In the Lectionary

Stay and follow: Psalm 22: 19-28; Luke 8: 26-39

He was buried alive, this man of the Gerasenes. He was alive, but he lived in a graveyard among the tombs. Modern interpreters tell us that the people possessed by demons in the Gospels probably suffered from forms of mental illness.

Some mental illnesses can be effectively treated, others cannot. Many people suffer from depression, for example, but with a little medication can function quite well as a physician, accountant, pastor or father. Others are possessed by what seems to be a legion of demons. What afflicts them is difficult to manage. Regular living proves overwhelming, and finally a family decides to force the afflicted one out of normal society and into institutions created to house the mentally ill. The Gerasenes’ mental institution was the village graveyard.

Jesus always seems to find those who have been separated from the community. Luke tells us story after story of how Jesus encounters someone who lives outside the covenant community, removes what separates them and then sends them back home where they’ve longed to be.

Because Jesus has no fear of being ritually contaminated, because he seems to have absolutely no fear of becoming an outcast himself, Jesus often ministers along the margins of society. There he finds the lepers hiding, the blind begging, the possessed raging and the sinful cowering. The gift Jesus brings to those on the margins is to take away the things that separate them and restore them to the heart of the community.

The story of the Gerasene demoniac is yet another one of these healing, restoration stories, but this one has a few intriguing details. Although the detail of the death of the pigs is odd, the best part is the second half, when the townspeople find the former mental patient sitting at the feet of Jesus.

The people have already heard the account of the healing from the herdsmen. They are not amazed or grateful, but afraid. Not knowing what to make of it and not sure they want to hear more, they insist that Jesus leave their neighborhood at once. Jesus, with his “shake the dust off your feet” evangelism philosophy, gets back into the boat without a word and prepares to set sail.

Then it happens. The man who sat at Jesus’ feet and who learned from him wants to go with them. Look at his options! He is standing on the beach with Jesus, with the disciples in the boat in front of him and the townsfolk who banished him to the graveyard at his back. He wants to go with the one who healed him, the one who wasn’t afraid to come near him, who didn’t walk on the other side of the street. He wants to go with his new teacher and Lord and learn more about the kingdom of God. He’s ready to follow Jesus. There’s room in the boat, and he’ll leave without looking back--there’s no one to say good-bye to. But Jesus says no.

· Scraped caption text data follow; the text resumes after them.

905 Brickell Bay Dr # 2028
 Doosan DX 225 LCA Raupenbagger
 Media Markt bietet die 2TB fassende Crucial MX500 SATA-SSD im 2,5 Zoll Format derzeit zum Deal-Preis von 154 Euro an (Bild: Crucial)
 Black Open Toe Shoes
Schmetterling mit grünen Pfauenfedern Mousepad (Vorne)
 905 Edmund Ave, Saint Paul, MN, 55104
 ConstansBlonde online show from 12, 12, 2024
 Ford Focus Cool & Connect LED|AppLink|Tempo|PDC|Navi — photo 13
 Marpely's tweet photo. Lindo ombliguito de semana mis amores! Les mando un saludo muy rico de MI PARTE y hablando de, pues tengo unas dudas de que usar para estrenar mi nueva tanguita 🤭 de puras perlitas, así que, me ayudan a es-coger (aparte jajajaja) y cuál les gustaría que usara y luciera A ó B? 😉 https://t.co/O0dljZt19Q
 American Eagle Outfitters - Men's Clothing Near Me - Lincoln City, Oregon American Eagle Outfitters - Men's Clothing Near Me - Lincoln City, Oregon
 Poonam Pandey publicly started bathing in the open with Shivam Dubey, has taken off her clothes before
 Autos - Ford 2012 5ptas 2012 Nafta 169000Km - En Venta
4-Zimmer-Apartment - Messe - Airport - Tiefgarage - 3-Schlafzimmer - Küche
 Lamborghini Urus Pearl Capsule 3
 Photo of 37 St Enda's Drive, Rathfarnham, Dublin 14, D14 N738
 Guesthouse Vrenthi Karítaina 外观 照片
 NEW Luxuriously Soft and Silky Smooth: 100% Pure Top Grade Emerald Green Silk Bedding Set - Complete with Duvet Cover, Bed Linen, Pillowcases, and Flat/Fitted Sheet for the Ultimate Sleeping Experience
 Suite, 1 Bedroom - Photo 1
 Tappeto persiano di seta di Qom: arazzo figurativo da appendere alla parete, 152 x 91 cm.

To others along the way Jesus issues the invitation, “Come, follow me,” but to this one he says, “Return to your home, and declare how much God has done for you.” At the very end, we see what kind of story this really is. It isn’t simply a story of one man’s healing, but a story of one man’s calling. Jesus does bid the man to follow, but in this case the following, the call to ministry, involves staying rather than leaving. Jesus does not reject the man’s application for discipleship, but accepts it fully. I even have a first appointment all lined up for you, Jesus says from the boat. Your congregation is standing right behind you. Now, go and tell. The Gerasene demoniac is ordained the first Gerasene preacher. According to Luke’s one-liner at the end of the story, the man fulfills his task and does it well.

The disciples, those official ones named in scripture, are silent during this account of restoration and call. Do they understand that this nameless man is as much a disciple as they, who one day will have churches named after them? Though Jesus says, “Come” to some and “Stay” to others, do they understand that all are called to follow--with different assignments? Do they realize that he is the only person in the village with enough clout to preach the Jesus story? After all, who can understand the coming power of the resurrection better than someone who has lived as  a dead man but is now alive in Christ?

Our God, who is constantly in the process of reshaping the community, issues a variety of calls in a variety of places. No matter where we are sent or what we are called to do, each of us is a disciple of Christ and equal member of the one body. When we are called, where we are called and how we are called are part of God’s great design. The Gerasene preacher desperately wants his call to take him far, far away, but Jesus says, “Stay.”

We wonder what he is thinking as he turns away from the boat and faces the fearful crowd, the men, women and children of his new congregation. Perhaps as he leads them back to the village he sings the verses of Psalm 22: Be not far away, O Lord; you are my strength; hasten to help me. I will declare your name to the people; in the midst of [even this] congregation will I praise you.

Mary W. Anderson

Mary W. Anderson is pastor of Incarnation Lutheran Church in Columbia, South Carolina.